Both the distilled and base variants of the model were tried, and they come with a clear time-complexity trade-off: the distilled variant (4 steps) takes 10–20s per image, while the base variant (50 steps) takes approximately 2 minutes, even on an optimized inference engine.

Failed generations

Collapsed table Enlightened T-shirt
  • Collapsed table: the table is collapsed, leaving the T-shirt floating with almost no surface context.
  • Enlightened T-shirt: a ghosted, duplicated T-shirt artifact in the upper-left of the generated image.

Evaluation

The simplest evaluation uses a vision LLM judge: it compares the synthetic render against the generated image and returns a similarity score, covering orientation, T-shirt placement, and relative scale.

Judging modes we use

Mode Image editing T2I generation
Prompt tuning Edit + evaluate, then refine the prompt Generate + evaluate, then refine the prompt
Pointwise Score one edit against its source + instruction Score one generation against its prompt
Pairwise Compare two edits, pick the better one Compare two generations, pick the better one

Evaluation metrics

  • How many of the images match the similarity – “Similarity” here is semantic, not pixel-level: the FLUX.2 pass is expected to change texture, color, and photorealistic style, since that’s the whole point of the transformation. What must be preserved:
Constraint What it checks
Orientation The T-shirt’s facing matches the synthetic reference.
Placement The T-shirt stays fully on the table surface, with no floating or clipping outside the table bounds.
Scale The table reads as proportionately larger than the T-shirt, not visually shrunk or dominating.
Integrity Exactly one T-shirt, no duplicated or ghosted garments.
Pose The fold state is still recognizable as the same pose as the synthetic render.

A generated image “matches” only if the vision LLM judge scores it as satisfying all of these constraints, not just some of them.
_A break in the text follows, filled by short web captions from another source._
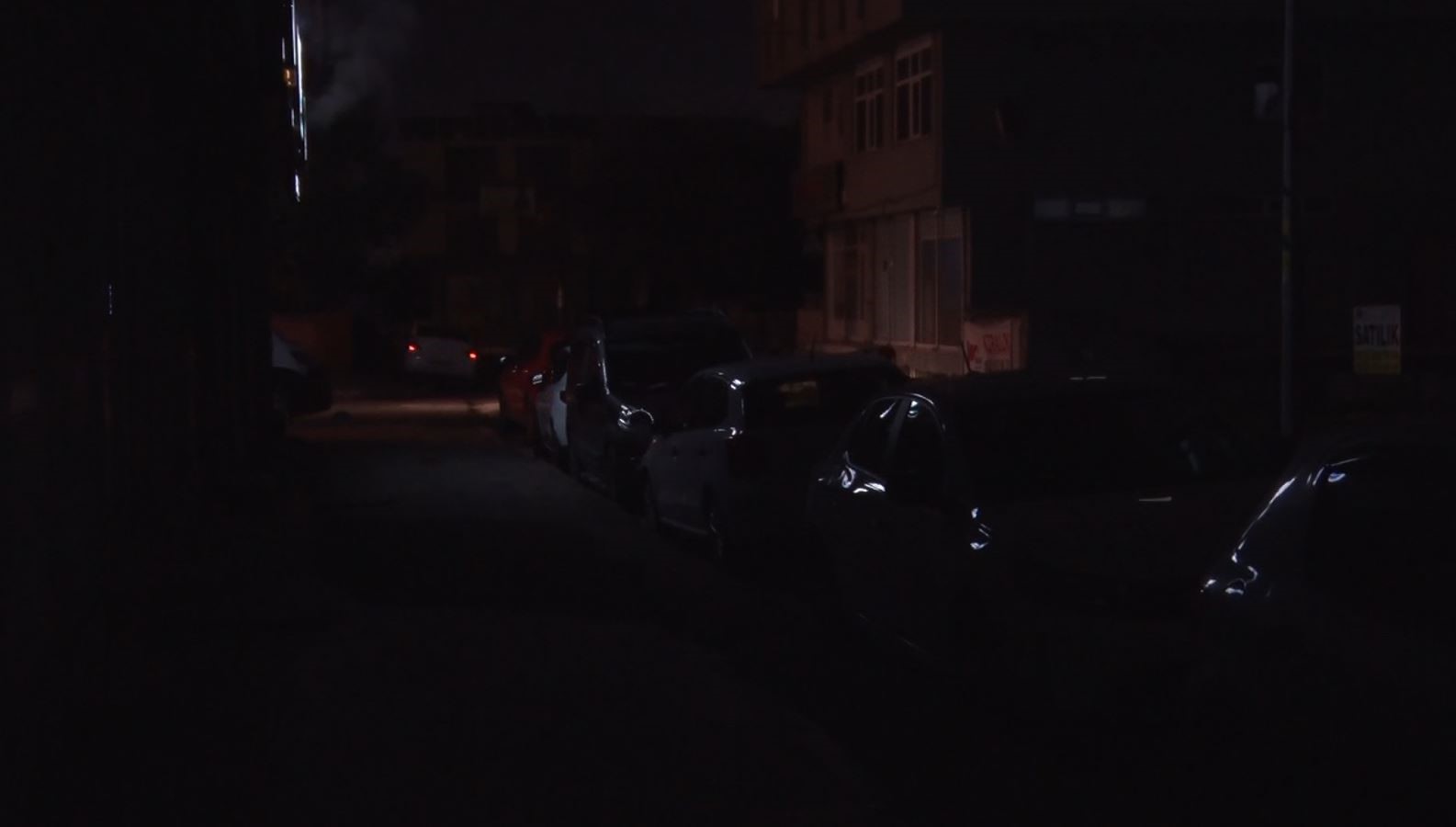 BEDAŞ’ın karanlığa gömdüğü sokakta tencere tavalı protesto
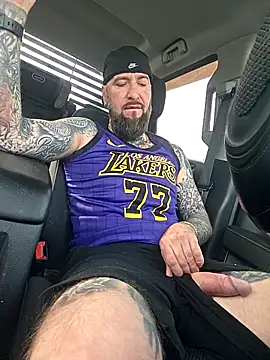 Snapshot of Beardedtattood chatting on March 29, 2026, 1:35 pm Beardedtattood online show from March 29, 2026, 1:35 pm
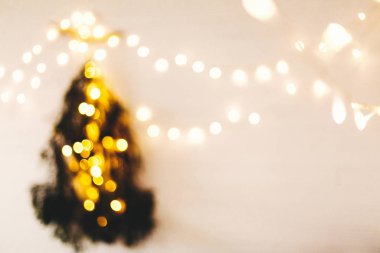 Soyut noel ağacı. Yılbaşı ağacının bulanık görüntüsü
  • What are the improvements that could be done – This splits into two levels:
    • Image generation quality – better prompt conditioning to preserve scene geometry (table boundaries, occlusion regions), and choosing the base (50-step) model over the distilled (4-step) one when fidelity matters more than generation speed.
    • Pipeline level – replacing a purely vision-LLM-judge similarity score with the physics-informed metric noted below, and feeding failure cases back into prompt iteration rather than treating each generation as a one-shot attempt.
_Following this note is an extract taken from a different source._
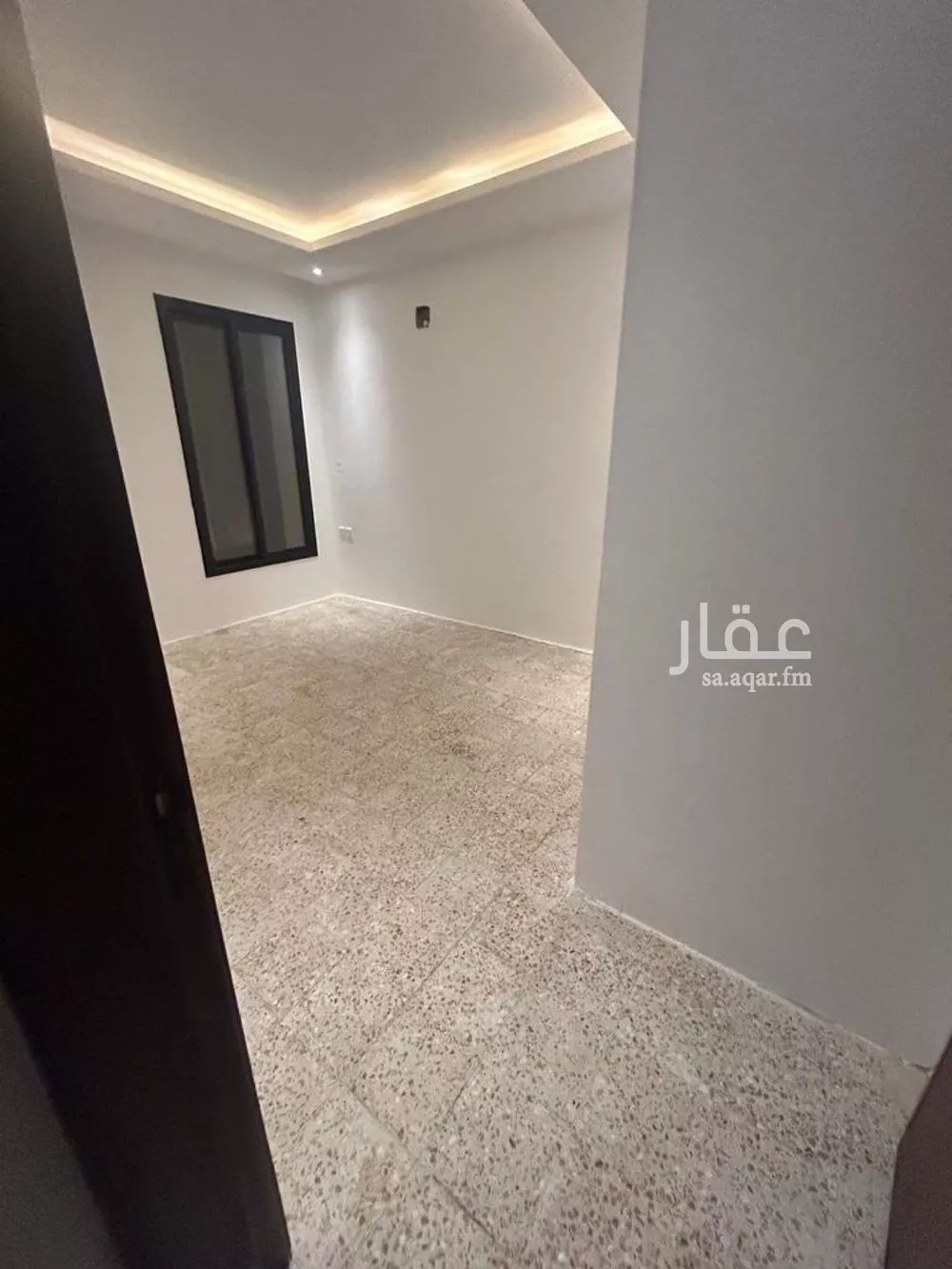 فيلا 5 غرف في العارض 3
In practice, we score each generated image using a weighted combination of the vision LLM judge and classical image-processing checks, and use that combined score to validate the image before it’s admitted into the pre-training pipeline.

Insights from our data

  1. Occlusion regions are where the model struggles most: samples with occluded T-shirt or table regions consistently showed generation issues.
  2. A physics-informed metric would catch these failure modes more reliably than the current vision LLM judge alone.
  3. Getting to the best generated image took several rounds of prompt iteration rather than a single pass.

Conclusion

Pairing Blender’s synthetic renders with FLUX.2/Qwen/flux_edit generation gives us a controllable way to inject real-world variance such as lighting and disturbances that the simulation alone can’t produce, while the vision LLM judge keeps generated images anchored to the original orientation, placement, and scale. The main open gap is occlusion handling, which is where we’re focusing next, alongside folding in a physics-informed metric to complement the LLM judge.